Mark: So far there have been eleven novels – ten in the Tom Thorne series and one standalone novel – In The Dark. As well as that, three YA novels in the Triskellion series. I remember vividly hearing the news that I was going to be published. I was standing outside what is now Wagamama in Brent Cross shopping centre when my agent called with the news. I still get a buzz in that place. I think the first time I saw Sleepyhead on the shelves was in Waterstones on Oxford Street and I was beside myself. The day that stops being exciting is the day you should give up.

Morgen: I listened to Sleepyhead on audiobook – it made my walk to / from work much more bearable. Have you ever seen a member of the public reading your book… in any unusual locations?

Mark: Nowhere too unusual, but on the train and on the beach and stuff. It’s always exciting. But it’s NEVER a good idea to in any way acknowledge that you’re the writer of the book. Most people will just think you’re insane and run away.

Morgen: Unless they recognise you. :) I went to talks by Stephen Booth and Peter James recently and they both had incidents where “that’s my book” went wrong so I think you’re very wise. How much of the marketing do you do for your published works or indeed for yourself as a ‘brand’?

Mark: Well I do stuff online. I “tweet” as I believe the young people call it and I look after a Facebook page. Everything else is done by my publisher. These days a writer markets themselves in terms of public appearances and events and I always try and take those things seriously. As someone with a performance background, I always try and give a decent performance.

Morgen: And you certainly did at Oundle. :) Presumably you have an agent, do you think they’re vital to an author’s success?

Mark: Yes, absolutely. The simple truth is that it’s almost impossible to get published without an agent. They will also negotiate all your foreign deals and look after everything that you should not have to worry about while you get on with writing the books. My agent is amazing and I simply would not be a full time writer without her.

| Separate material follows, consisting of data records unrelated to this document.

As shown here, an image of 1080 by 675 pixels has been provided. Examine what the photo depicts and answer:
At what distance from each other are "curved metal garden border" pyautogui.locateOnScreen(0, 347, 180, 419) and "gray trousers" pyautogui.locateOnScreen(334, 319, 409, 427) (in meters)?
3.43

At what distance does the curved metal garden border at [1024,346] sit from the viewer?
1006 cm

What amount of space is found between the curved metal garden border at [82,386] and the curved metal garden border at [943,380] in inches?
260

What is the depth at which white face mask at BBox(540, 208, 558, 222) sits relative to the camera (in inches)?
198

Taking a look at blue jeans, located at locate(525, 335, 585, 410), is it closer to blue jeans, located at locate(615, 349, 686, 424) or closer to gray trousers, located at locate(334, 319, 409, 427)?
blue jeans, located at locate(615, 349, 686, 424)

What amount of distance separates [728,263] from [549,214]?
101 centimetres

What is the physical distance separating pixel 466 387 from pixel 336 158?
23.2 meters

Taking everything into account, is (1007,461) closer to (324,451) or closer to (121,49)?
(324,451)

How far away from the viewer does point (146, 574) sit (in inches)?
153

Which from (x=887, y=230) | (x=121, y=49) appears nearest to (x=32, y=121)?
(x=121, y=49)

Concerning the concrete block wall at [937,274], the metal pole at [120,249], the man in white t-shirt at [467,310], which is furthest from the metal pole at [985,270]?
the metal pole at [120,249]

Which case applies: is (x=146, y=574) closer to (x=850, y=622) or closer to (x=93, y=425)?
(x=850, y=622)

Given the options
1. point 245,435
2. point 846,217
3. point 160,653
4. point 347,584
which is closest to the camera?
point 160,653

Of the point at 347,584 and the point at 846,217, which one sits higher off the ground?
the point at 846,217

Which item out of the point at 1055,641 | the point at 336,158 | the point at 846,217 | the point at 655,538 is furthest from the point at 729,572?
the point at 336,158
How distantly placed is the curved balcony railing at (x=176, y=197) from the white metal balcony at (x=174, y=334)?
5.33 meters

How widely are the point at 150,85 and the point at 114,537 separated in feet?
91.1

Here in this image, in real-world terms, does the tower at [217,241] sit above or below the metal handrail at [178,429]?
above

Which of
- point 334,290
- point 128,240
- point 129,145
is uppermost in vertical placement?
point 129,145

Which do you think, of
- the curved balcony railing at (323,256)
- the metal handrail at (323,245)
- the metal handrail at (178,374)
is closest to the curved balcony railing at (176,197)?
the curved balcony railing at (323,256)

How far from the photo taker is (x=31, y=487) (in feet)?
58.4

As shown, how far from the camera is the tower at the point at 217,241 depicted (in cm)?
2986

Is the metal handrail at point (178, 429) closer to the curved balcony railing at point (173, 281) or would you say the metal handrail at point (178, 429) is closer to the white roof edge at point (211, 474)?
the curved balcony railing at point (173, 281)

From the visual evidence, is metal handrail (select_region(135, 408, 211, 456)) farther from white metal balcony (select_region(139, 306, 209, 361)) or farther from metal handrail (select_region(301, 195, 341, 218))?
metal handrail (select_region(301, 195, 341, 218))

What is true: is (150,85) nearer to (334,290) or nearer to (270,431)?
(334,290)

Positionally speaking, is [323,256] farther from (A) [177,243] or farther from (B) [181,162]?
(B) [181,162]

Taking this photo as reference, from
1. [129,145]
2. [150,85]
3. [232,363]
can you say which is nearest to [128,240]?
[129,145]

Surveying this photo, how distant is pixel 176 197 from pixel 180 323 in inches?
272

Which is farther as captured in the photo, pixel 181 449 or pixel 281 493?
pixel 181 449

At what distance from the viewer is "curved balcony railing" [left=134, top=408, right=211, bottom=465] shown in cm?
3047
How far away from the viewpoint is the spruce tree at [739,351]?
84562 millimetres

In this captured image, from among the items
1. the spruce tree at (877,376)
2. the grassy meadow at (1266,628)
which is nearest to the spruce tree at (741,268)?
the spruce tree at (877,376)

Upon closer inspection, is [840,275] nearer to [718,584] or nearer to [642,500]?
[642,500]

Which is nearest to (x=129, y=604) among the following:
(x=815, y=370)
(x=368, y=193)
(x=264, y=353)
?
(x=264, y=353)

Morgen: “while you get on with writing the books” I think that’s the key – writers should be writers after all. Your books are available as eBooks, were you involved at all in that process? And do you read eBooks?

Mark: I’ve never read an eBook, but am involved in the ongoing discussion with my publisher as to how best use them. It’s a branch of publishing that’s very much in flux right now and you have to keep on top of it. As a reader though, I’ll stick with books.

Morgen: Most of my interviewees to-date have said they’d stick with paperbacks (or hardbacks) and I’m the same. I have an eReader but I think they serve different purposes – pBooks for home, eBooks for travelling. I mentioned earlier that some of your books are also available as audiobooks, did you have any involvement with those?

Mark: Well I just read my first one. I read “Good As Dead” and it was a great experience. Much more exhausting that you’d imagine and a lot harder. I blithely create these characters with a variety of accents which then came back to bite me in the arse when I had to DO them in the studio…

Morgen: Wow. It’s not often that an author reads his own. I’ve had more empathy with the narrators since I’ve been podcasting – they probably don’t do as many takes in a whole book as I do in a half-hour programme. :) Do you have any say in the title and covers of your books? How important do you think they are?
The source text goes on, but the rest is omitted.